LISTED RECORDS Block Start

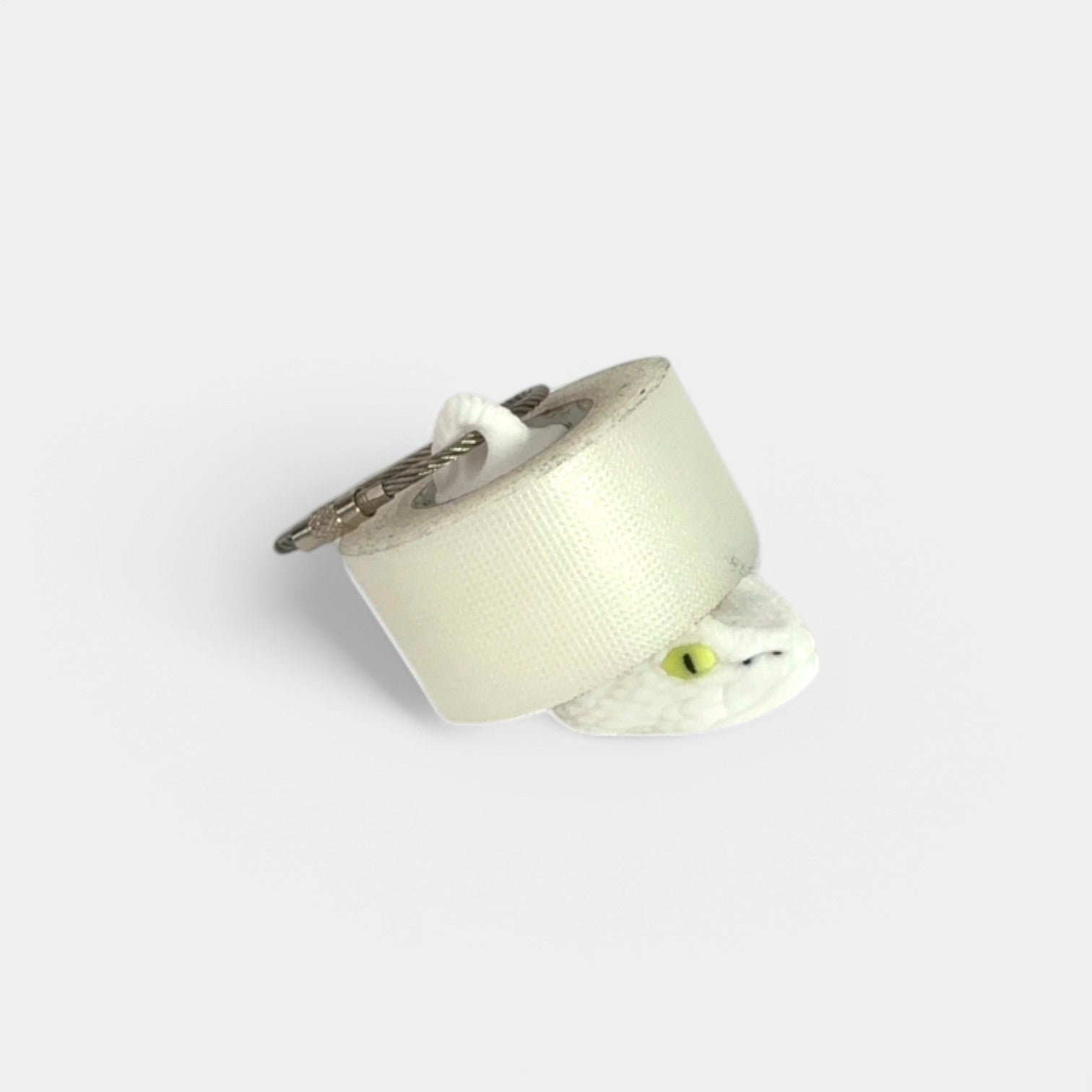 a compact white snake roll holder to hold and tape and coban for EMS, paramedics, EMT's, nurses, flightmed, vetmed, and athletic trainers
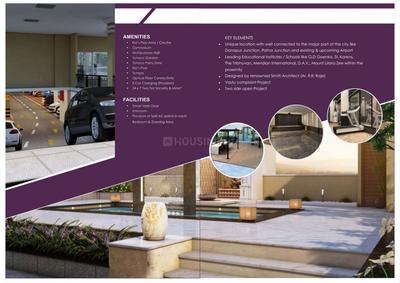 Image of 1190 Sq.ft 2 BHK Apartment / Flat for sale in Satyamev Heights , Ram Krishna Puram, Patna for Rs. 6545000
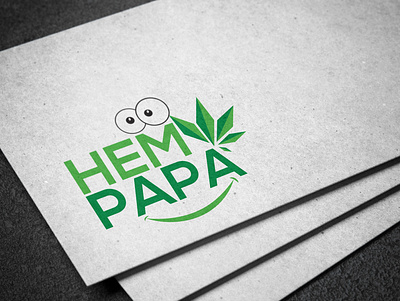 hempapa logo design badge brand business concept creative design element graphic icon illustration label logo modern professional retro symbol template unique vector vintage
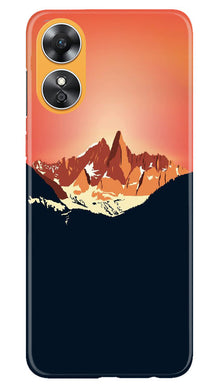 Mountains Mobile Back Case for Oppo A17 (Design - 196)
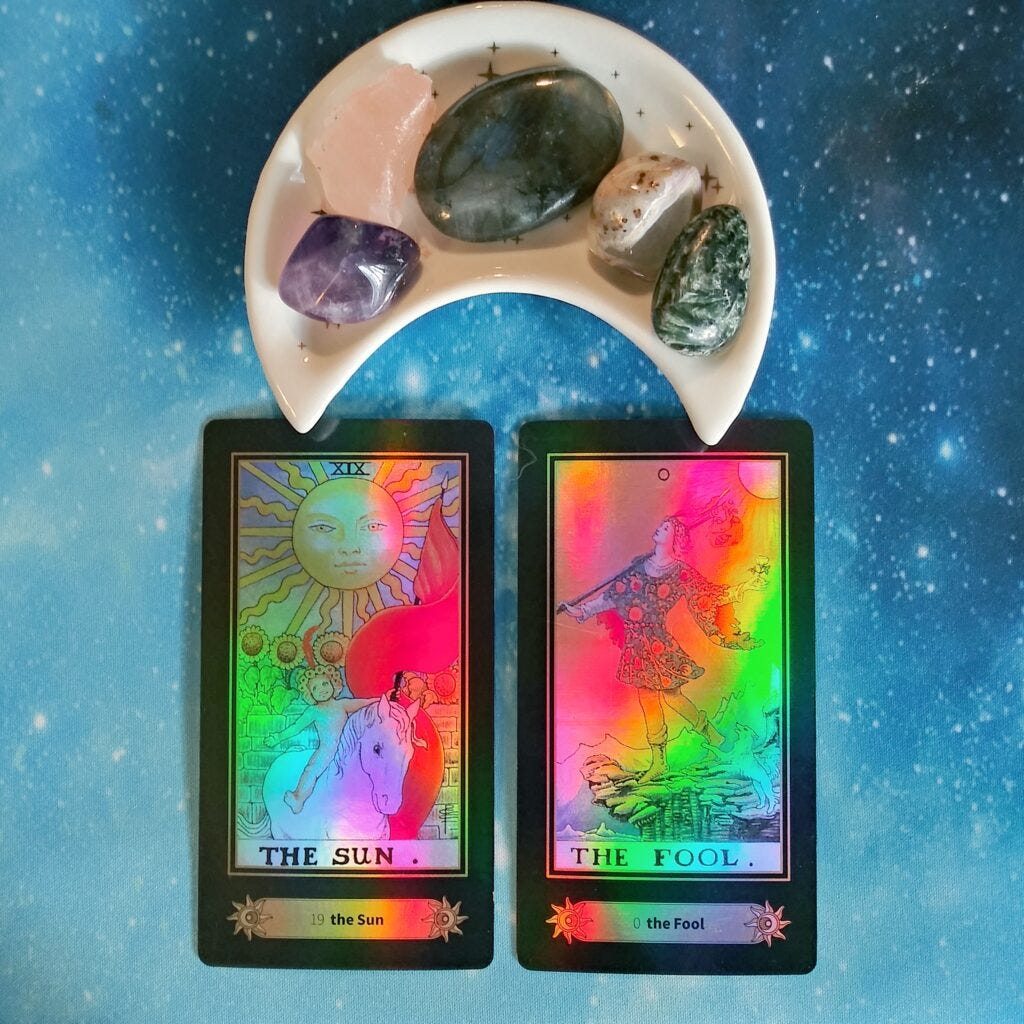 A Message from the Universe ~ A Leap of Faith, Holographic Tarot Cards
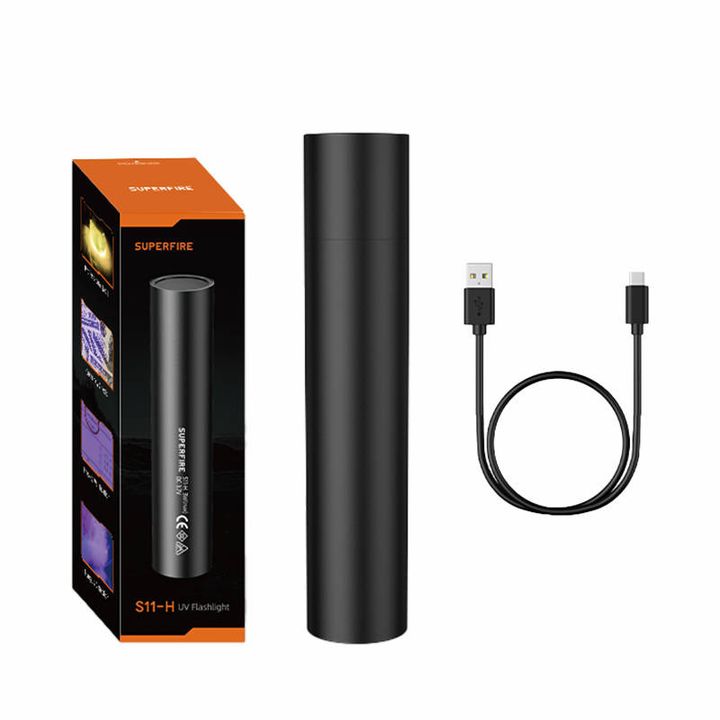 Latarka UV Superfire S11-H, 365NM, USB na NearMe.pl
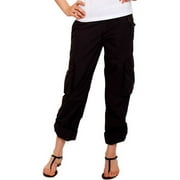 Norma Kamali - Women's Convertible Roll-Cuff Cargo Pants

LISTED RECORDS Block End

- WHAT THE EXERCISE ASKS -
Could you output the full set of entries exactly, skipping every picture?

- TASK RESPONSE -
 a compact white snake roll holder to hold and tape and coban for EMS, paramedics, EMT's, nurses, flightmed, vetmed, and athletic trainers
 Image of 1190 Sq.ft 2 BHK Apartment / Flat for sale in Satyamev Heights , Ram Krishna Puram, Patna for Rs. 6545000
 hempapa logo design badge brand business concept creative design element graphic icon illustration label logo modern professional retro symbol template unique vector vintage
 Mountains Mobile Back Case for Oppo A17 (Design - 196)
 A Message from the Universe ~ A Leap of Faith, Holographic Tarot Cards
 Latarka UV Superfire S11-H, 365NM, USB na NearMe.pl
 Norma Kamali - Women's Convertible Roll-Cuff Cargo Pants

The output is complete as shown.